This film has a problem, and that problem is that it's racist as fuck. I get that Mads Brugger, the director and star of this messed-up documentary, may think he's the Danish Sacha Baron Cohen. I get that he may be attempting to make fun of the deep, crazy, generations-warping, globe-spanning racism that turns a place like the Central African Republic into a mind-twisting mess of a country. But when you use your white privilege to coast into the CAR on a phony diplomatic passport, dropping Heart of Darkness references and "suspicious-looking Asian guy" asides along the way, and then proceed to try to trade in blood diamonds while setting up a match factory staffed with Pygmies, you are not merely wasting our time and fucking up people's lives. You are contributing to, benefiting from, and reinforcing the racist architecture of the problem you are theoretically trying to "expose." Do not patronize this shit. ELI SANDERS Hollywood Theatre.
See My, What a Busy Week! Bagdad Theater.
Beasts of the Southern Wild
I'll let you in on a secret: Writing negative reviews is pretty easy. Every doofy plot twist and bungled CG jumpkick pulls you out of the moviegoing experience, allowing you plenty of time to compose elaborately mean puns for your headline. It's harder to review a movie when it succeeds—and I mean really succeeds, in that it draws you in completely. The surreal, fantastic Beasts of the Southern Wild is that kind of movie: You may leave the theater conflicted and even confused, but you won't be thinking about anything else while you're watching it. BEN COLEMAN Hollywood Theatre, Liberty Theatre, Living Room Theaters.

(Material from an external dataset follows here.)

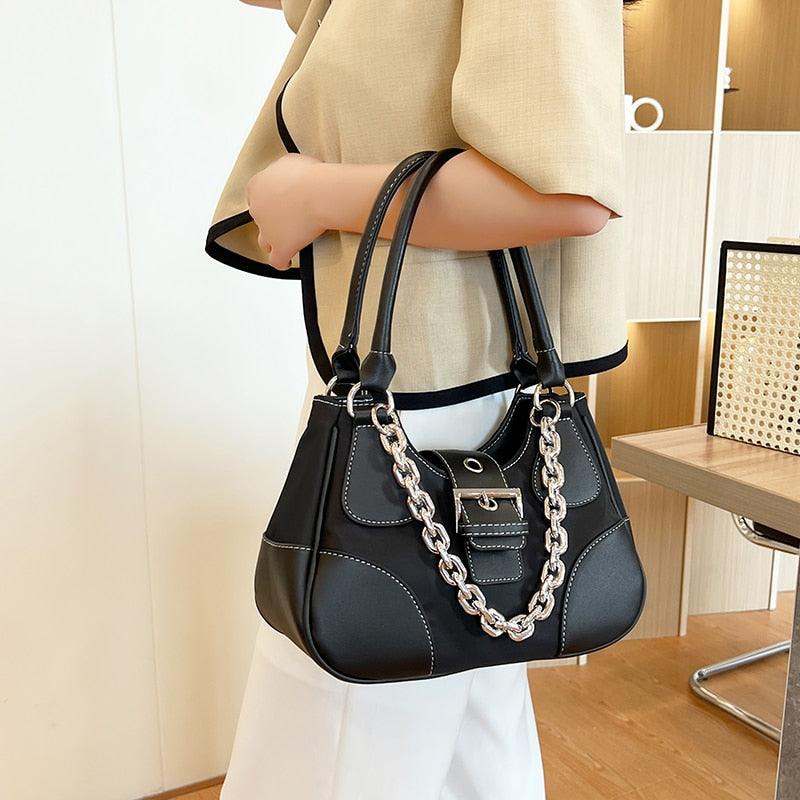 Make a Statement with Canvas Splicing Shoulder Bags in Patent Leather and Chain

If you are not the type of person who would ever see a long French musical about the romantic lives of a mother and daughter, you can stop reading. But if you ARE, then you're in luck! Beloved is very French, and with music. Starring Catherine Deneuve and her real-life daughter Chiara Mastroianni, the film spans four decades, and covers the ups and downs of a handful of love stories. Some of the songs are great, others are meh, and again, it's super long—but if this is the kind of thing you'd generally be into, you'll probably be into this. ELINOR JONES Living Room Theaters.
The Best of the
NW Animation Festival
A greatest-hits edition of this year's NW Animation Festival, featuring 16 short films. More info: nwanimationfest.com. Hollywood Theatre.
The Devil, Probably
Robert Bresson's 1977 film. Also screening this weekend: Bresson's Pickpocket (1959). Northwest Film Center's Whitsell Auditorium.
For A Good Time Call...
See review this issue. Living Room Theaters.
Hit and Run
Dax Shepard plays Charlie Bronson, a car-loving former bank robber (he got to pick his own new name after he wound up in the Witness Protection Program). At the film's outset, Charlie's been tracked down by the gang he betrayed, and he's suddenly tasked with avoiding his vengeance-set former friends while getting his girlfriend—played by Kristen Bell—to LA for a job interview. And of course, there's a catch: Bell's character is largely clueless about Charlie's criminal past. In cheerfully splicing together crude humor, romcom smushiness, and old-school car chases, Hit and Run gets smart, surprisingly sophisticated results. ALISON HALLETT Forest Theatre.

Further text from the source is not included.